►
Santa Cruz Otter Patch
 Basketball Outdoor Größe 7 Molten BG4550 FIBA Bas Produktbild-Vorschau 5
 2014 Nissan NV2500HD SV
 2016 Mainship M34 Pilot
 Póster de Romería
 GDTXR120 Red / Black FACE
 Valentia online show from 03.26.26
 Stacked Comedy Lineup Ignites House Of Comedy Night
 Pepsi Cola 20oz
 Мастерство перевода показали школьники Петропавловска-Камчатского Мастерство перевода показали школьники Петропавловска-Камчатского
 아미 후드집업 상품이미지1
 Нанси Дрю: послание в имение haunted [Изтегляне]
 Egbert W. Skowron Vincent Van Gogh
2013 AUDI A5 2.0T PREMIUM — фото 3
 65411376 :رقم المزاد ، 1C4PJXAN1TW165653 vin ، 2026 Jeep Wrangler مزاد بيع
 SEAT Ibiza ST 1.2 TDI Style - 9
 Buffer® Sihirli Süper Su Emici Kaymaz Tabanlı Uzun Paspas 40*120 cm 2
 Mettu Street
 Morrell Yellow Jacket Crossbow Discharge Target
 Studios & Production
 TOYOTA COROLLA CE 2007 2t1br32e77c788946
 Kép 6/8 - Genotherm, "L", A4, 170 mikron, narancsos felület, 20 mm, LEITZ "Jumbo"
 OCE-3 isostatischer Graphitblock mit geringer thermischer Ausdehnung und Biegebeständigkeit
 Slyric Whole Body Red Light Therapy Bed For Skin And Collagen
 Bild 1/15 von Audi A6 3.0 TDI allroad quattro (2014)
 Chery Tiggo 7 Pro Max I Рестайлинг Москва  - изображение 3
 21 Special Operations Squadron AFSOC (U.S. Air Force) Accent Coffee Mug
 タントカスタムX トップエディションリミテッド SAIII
◄
### What the task requires
Retype nothing except the lines from the line holding "65411376 :رقم المزاد" through the last line of the entries, both included.

### Response below
 65411376 :رقم المزاد ، 1C4PJXAN1TW165653 vin ، 2026 Jeep Wrangler مزاد بيع
 SEAT Ibiza ST 1.2 TDI Style - 9
 Buffer® Sihirli Süper Su Emici Kaymaz Tabanlı Uzun Paspas 40*120 cm 2
 Mettu Street
 Morrell Yellow Jacket Crossbow Discharge Target
 Studios & Production
 TOYOTA COROLLA CE 2007 2t1br32e77c788946
 Kép 6/8 - Genotherm, "L", A4, 170 mikron, narancsos felület, 20 mm, LEITZ "Jumbo"
 OCE-3 isostatischer Graphitblock mit geringer thermischer Ausdehnung und Biegebeständigkeit
 Slyric Whole Body Red Light Therapy Bed For Skin And Collagen
 Bild 1/15 von Audi A6 3.0 TDI allroad quattro (2014)
 Chery Tiggo 7 Pro Max I Рестайлинг Москва  - изображение 3
 21 Special Operations Squadron AFSOC (U.S. Air Force) Accent Coffee Mug
 タントカスタムX トップエディションリミテッド SAIII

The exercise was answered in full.